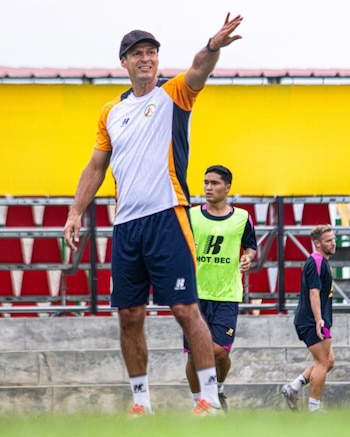 Juan Pablo II - Universitario de Deportes – Hugo Ancajima - Perú - deportes – 8 junio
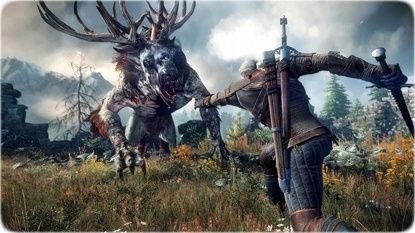 Gra Wiedźmin 3: Dziki Gon Game Of The Year GOTY Edition PS4 Playstation 4 Nowa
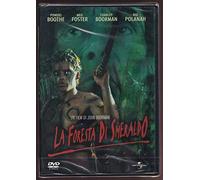 La foresta di smeraldo [Italia] [DVD]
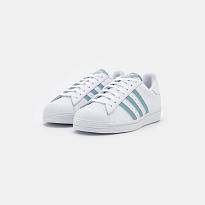 Фото № 2 с приближением к товару «‎Adidas Superstar »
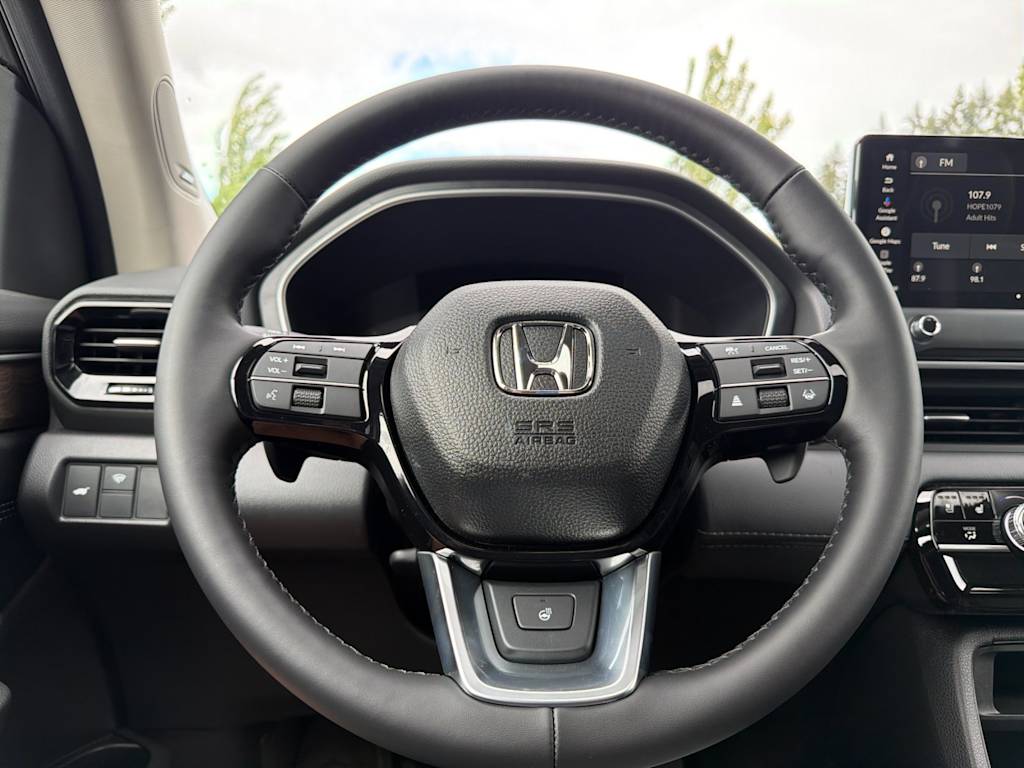 Thumbnail: 2026 Honda Pilot - 13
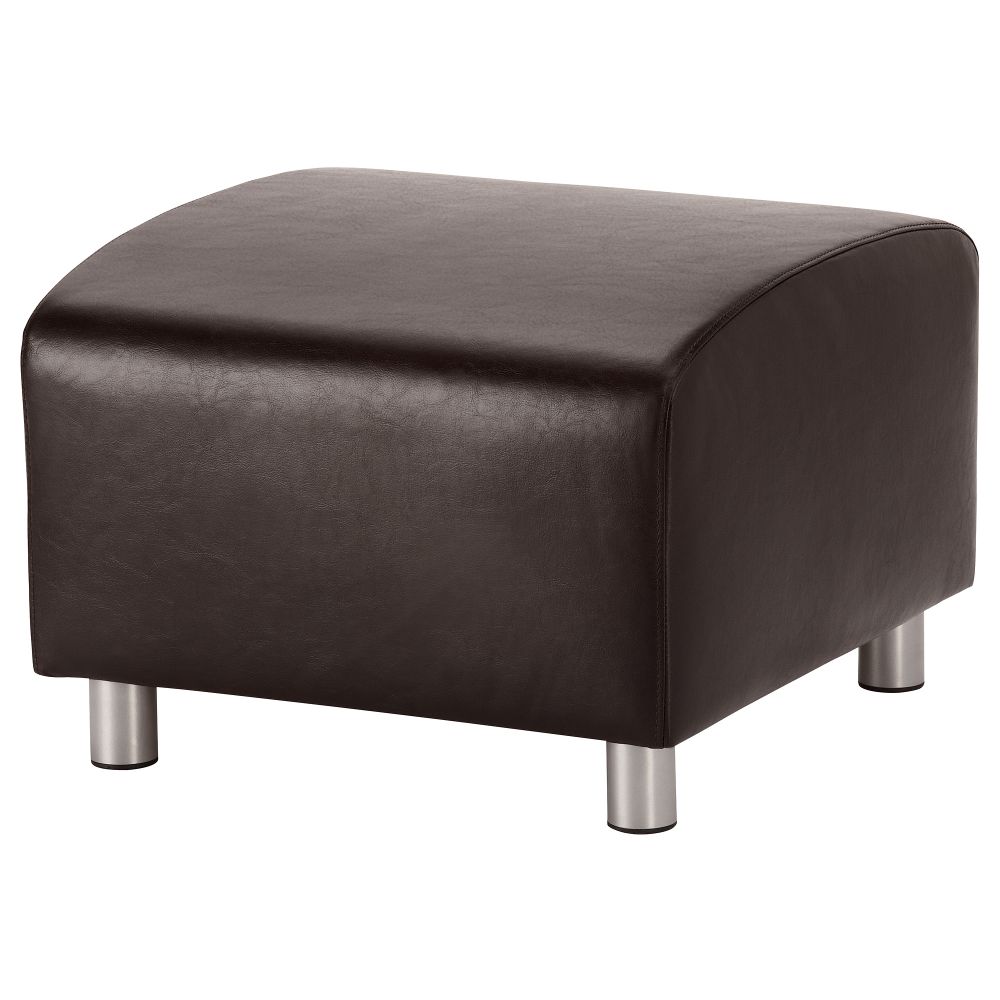 IKEA, вид спереди - схема-чертеж с размерами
_ _ _ _ _ _ _
REQUIRED WORK: Since the pictures are not wanted, transcribe the rest of the listing above exactly.

TASK RESPONSE:
 Juan Pablo II - Universitario de Deportes – Hugo Ancajima - Perú - deportes – 8 junio
 Gra Wiedźmin 3: Dziki Gon Game Of The Year GOTY Edition PS4 Playstation 4 Nowa
 La foresta di smeraldo [Italia] [DVD]
 Фото № 2 с приближением к товару «‎Adidas Superstar »
 Thumbnail: 2026 Honda Pilot - 13
 IKEA, вид спереди - схема-чертеж с размерами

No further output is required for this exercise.